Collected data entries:
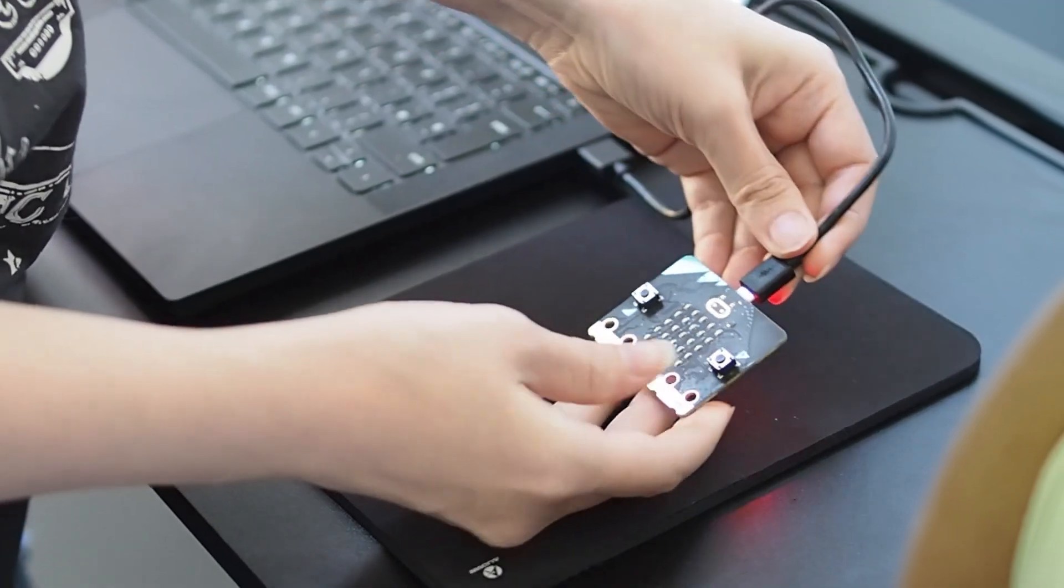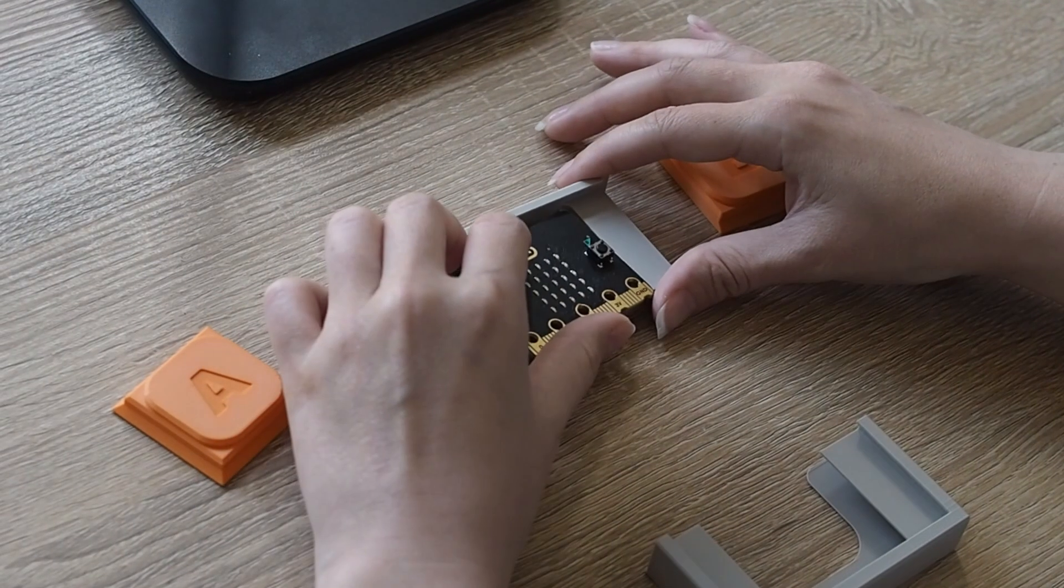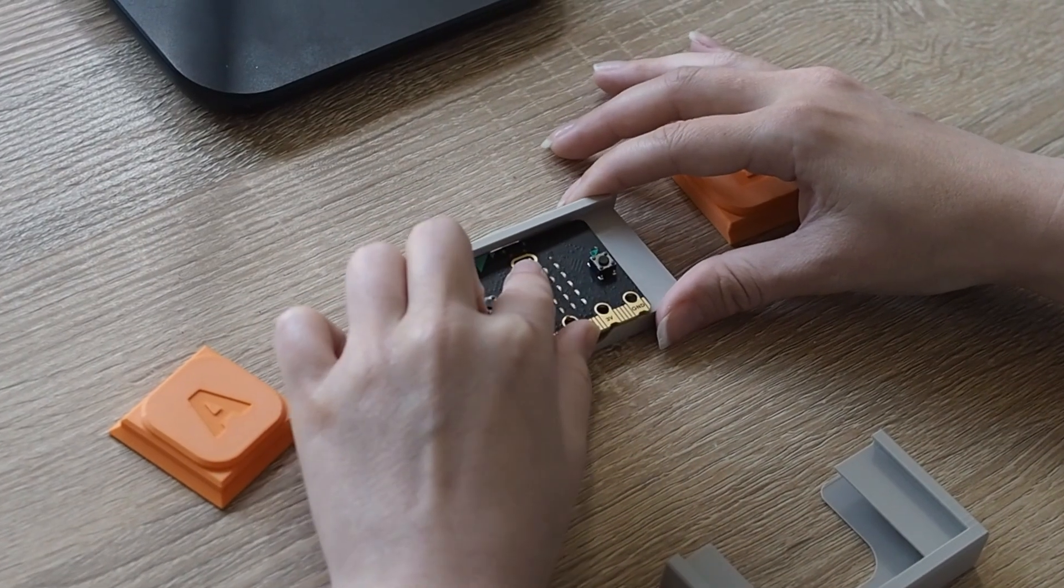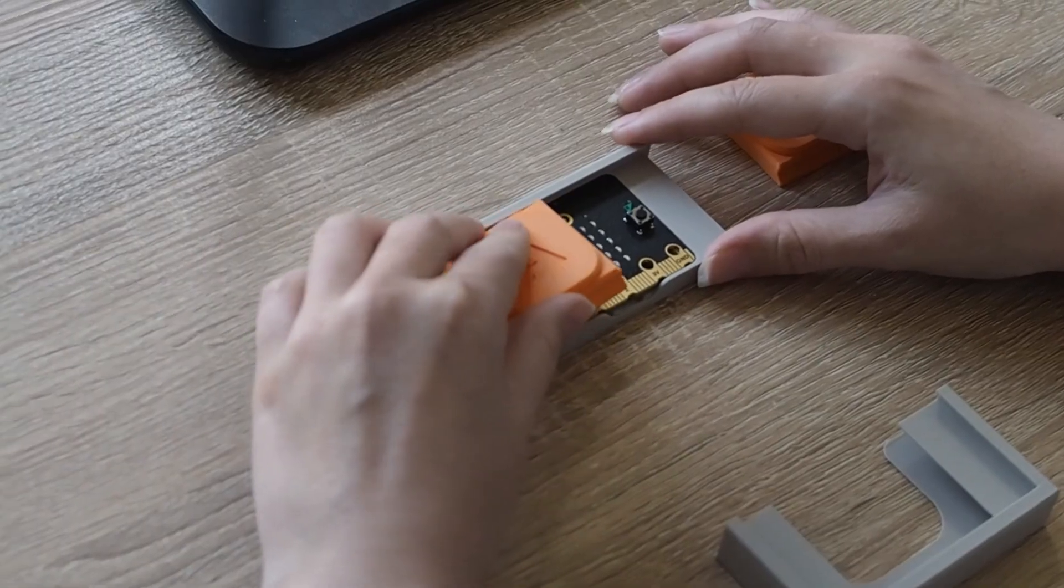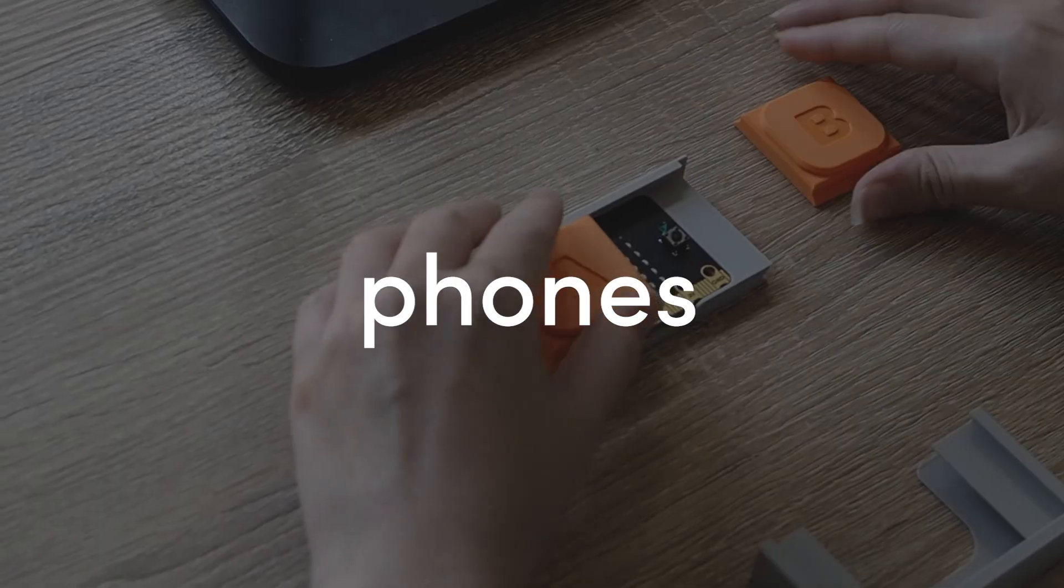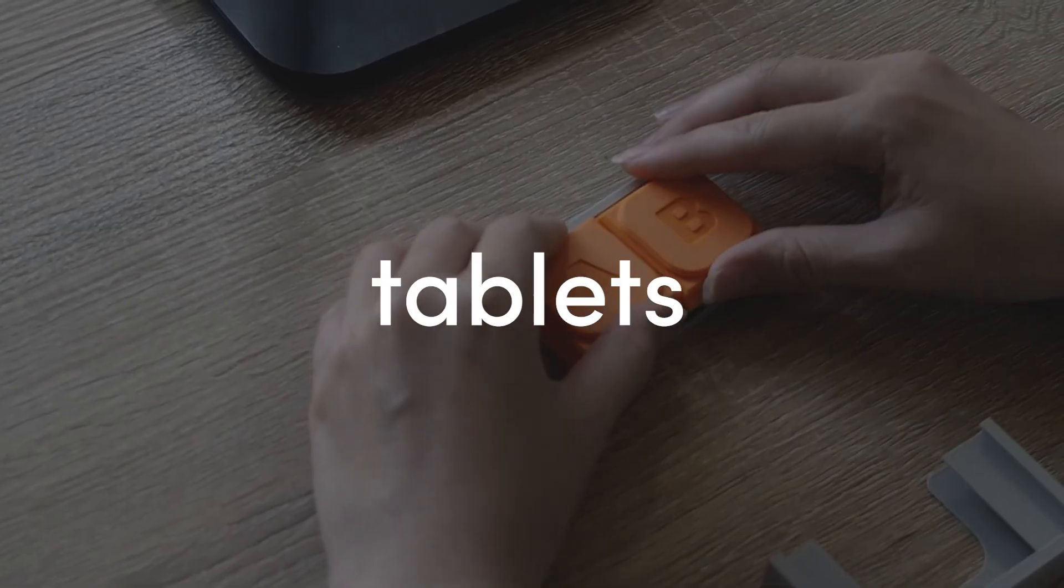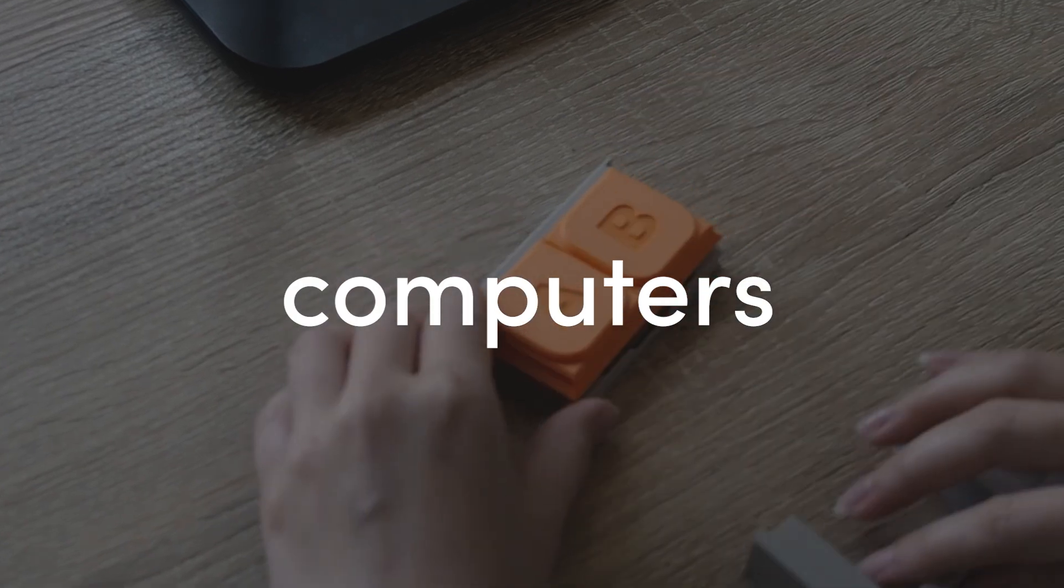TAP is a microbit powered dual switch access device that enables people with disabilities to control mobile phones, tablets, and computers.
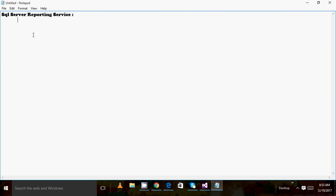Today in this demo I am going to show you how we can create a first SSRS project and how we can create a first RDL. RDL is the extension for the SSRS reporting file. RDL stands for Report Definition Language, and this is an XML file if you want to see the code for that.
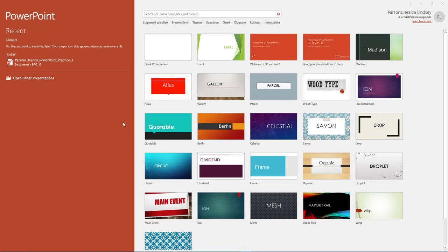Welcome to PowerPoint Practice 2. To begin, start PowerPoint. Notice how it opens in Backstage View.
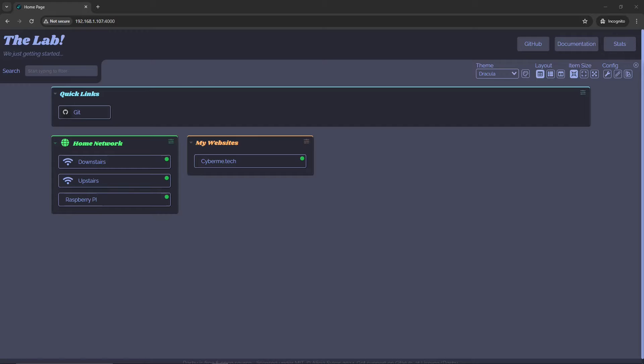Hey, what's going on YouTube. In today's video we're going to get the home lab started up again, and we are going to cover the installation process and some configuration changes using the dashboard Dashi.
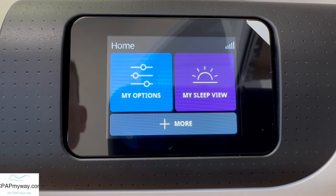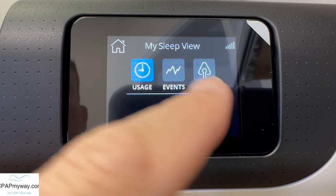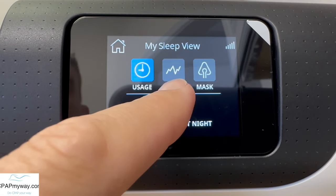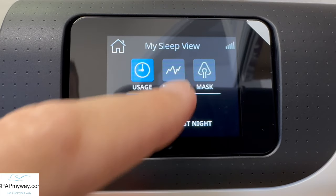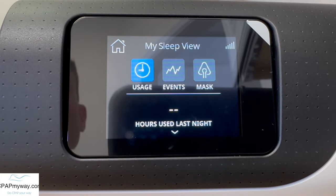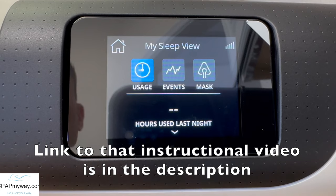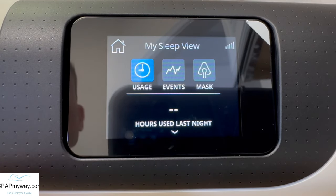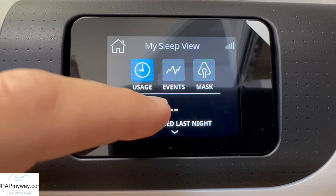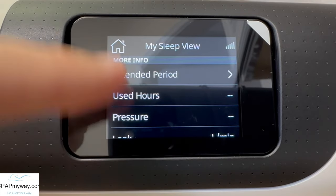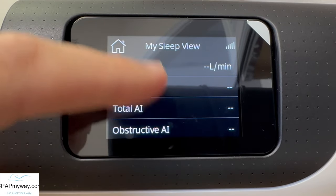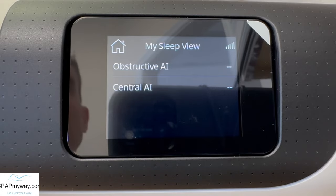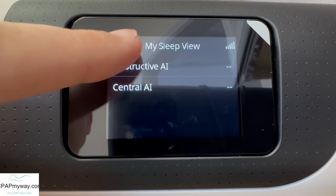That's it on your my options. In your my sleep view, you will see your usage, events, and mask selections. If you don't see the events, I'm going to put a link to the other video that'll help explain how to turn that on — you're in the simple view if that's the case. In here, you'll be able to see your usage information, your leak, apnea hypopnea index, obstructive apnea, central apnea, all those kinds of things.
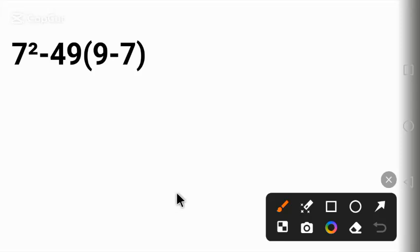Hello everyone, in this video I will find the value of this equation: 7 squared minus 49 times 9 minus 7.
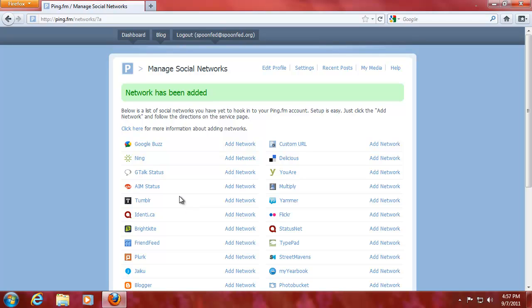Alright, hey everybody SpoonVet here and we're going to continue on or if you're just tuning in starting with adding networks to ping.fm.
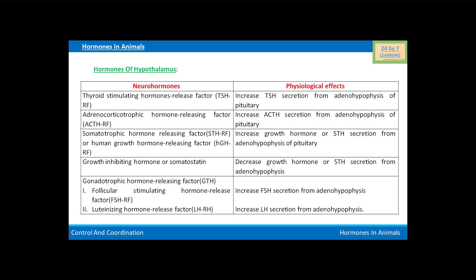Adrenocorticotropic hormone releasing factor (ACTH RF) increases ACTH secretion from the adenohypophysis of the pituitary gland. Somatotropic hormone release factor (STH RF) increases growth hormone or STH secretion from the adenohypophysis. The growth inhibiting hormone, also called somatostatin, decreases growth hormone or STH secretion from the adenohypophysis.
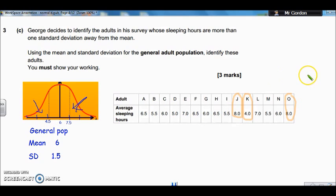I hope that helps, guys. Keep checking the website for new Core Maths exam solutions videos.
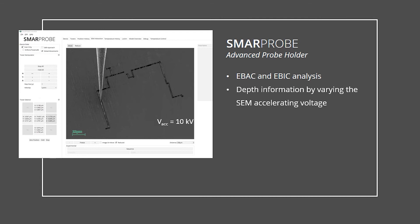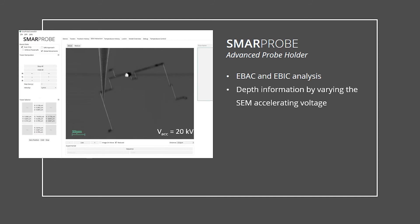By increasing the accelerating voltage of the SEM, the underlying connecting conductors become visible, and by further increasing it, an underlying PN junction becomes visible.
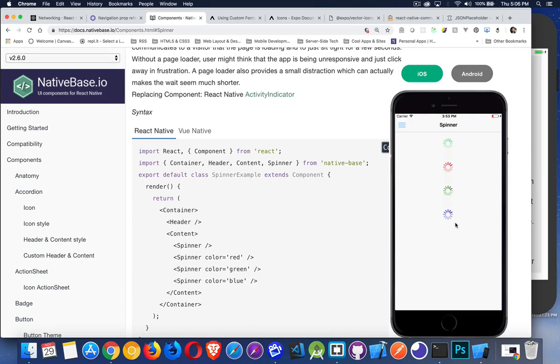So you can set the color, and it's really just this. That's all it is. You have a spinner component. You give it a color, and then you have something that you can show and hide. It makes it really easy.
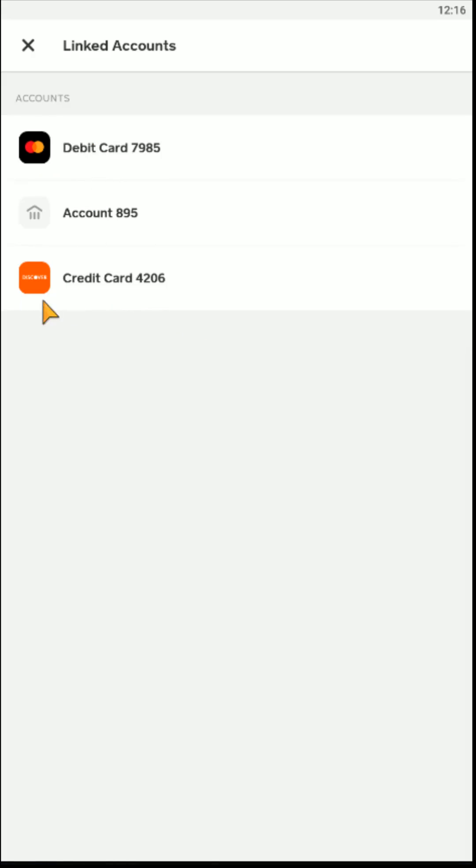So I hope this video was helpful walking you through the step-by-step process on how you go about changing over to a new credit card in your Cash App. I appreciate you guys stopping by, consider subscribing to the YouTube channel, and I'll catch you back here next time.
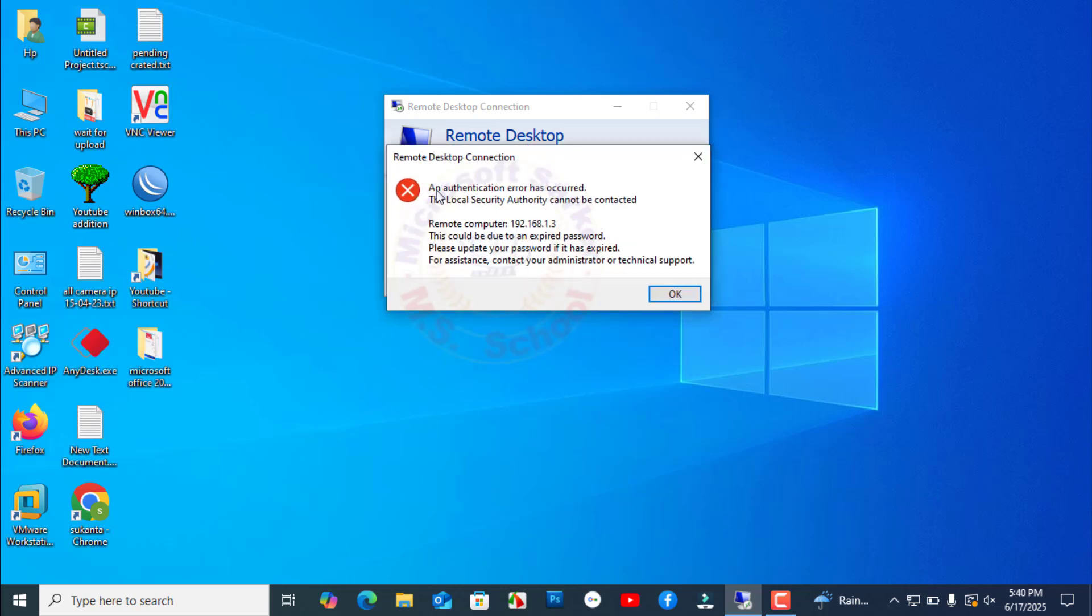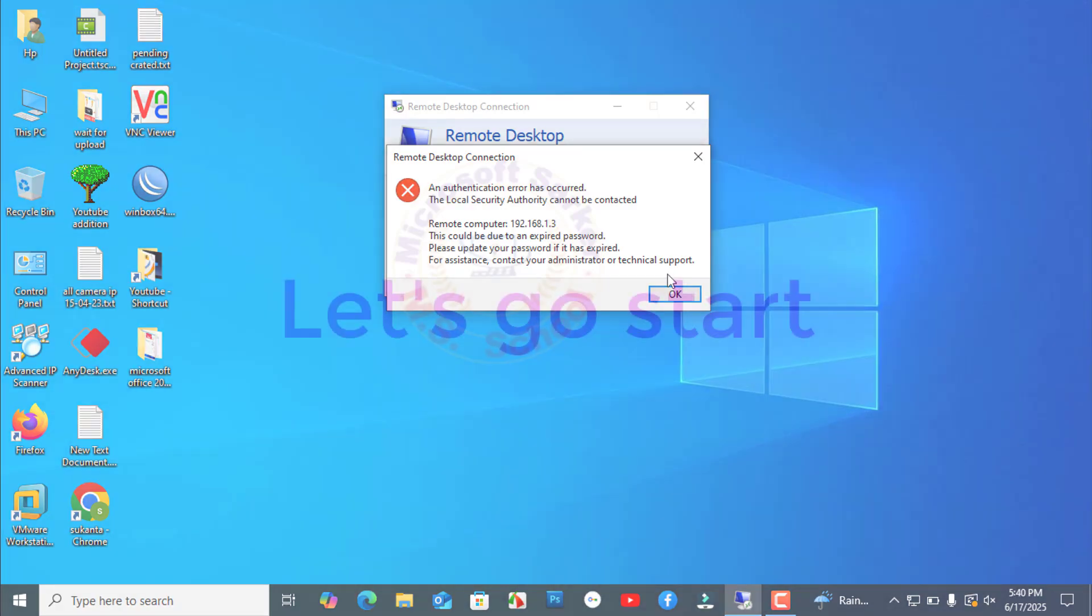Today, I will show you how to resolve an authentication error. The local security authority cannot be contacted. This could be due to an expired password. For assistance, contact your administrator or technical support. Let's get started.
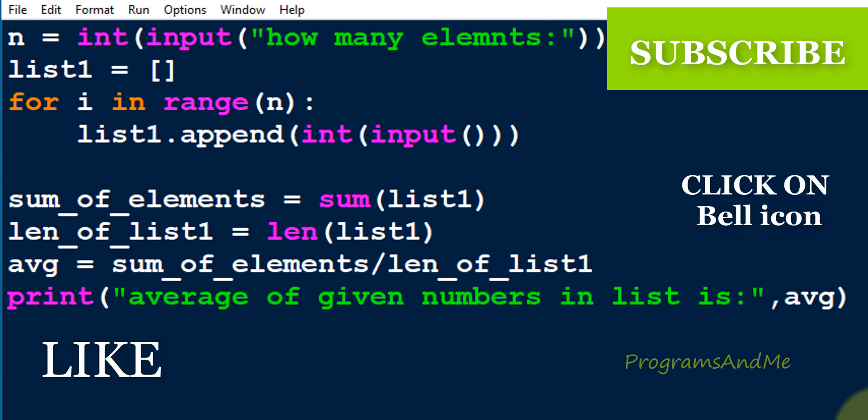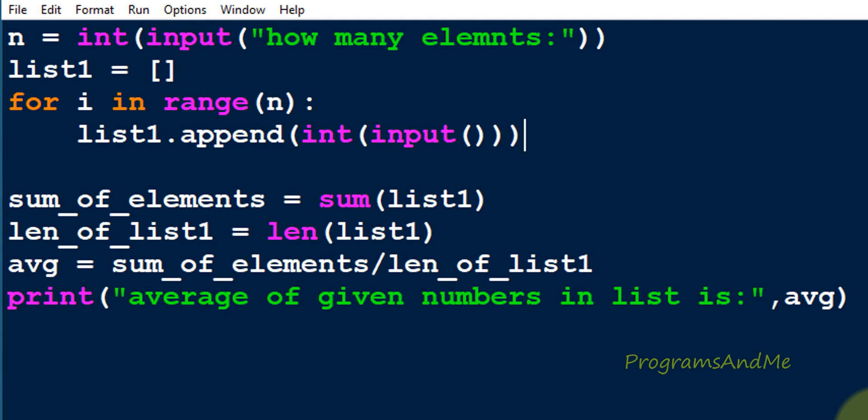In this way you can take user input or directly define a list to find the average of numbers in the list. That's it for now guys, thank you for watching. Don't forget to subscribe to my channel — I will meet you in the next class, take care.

PROBLEM TO SOLVE: Please return the data above exactly as it stands from the line with "Hey, what's going" to the line with "By increasing the", keeping both of those lines but none of the pictures.

RESULT:
Hey, what's going on YouTube. In today's video we're going to get the home lab started up again, and we are going to cover the installation process and some configuration changes using the dashboard Dashi.
That's it on your my options. In your my sleep view, you will see your usage, events, and mask selections. If you don't see the events, I'm going to put a link to the other video that'll help explain how to turn that on — you're in the simple view if that's the case. In here, you'll be able to see your usage information, your leak, apnea hypopnea index, obstructive apnea, central apnea, all those kinds of things.
Hello everyone, in this video I will find the value of this equation: 7 squared minus 49 times 9 minus 7.
Alright, hey everybody SpoonVet here and we're going to continue on or if you're just tuning in starting with adding networks to ping.fm.
Adrenocorticotropic hormone releasing factor (ACTH RF) increases ACTH secretion from the adenohypophysis of the pituitary gland. Somatotropic hormone release factor (STH RF) increases growth hormone or STH secretion from the adenohypophysis. The growth inhibiting hormone, also called somatostatin, decreases growth hormone or STH secretion from the adenohypophysis.
I hope that helps, guys. Keep checking the website for new Core Maths exam solutions videos.
By increasing the accelerating voltage of the SEM, the underlying connecting conductors become visible, and by further increasing it, an underlying PN junction becomes visible.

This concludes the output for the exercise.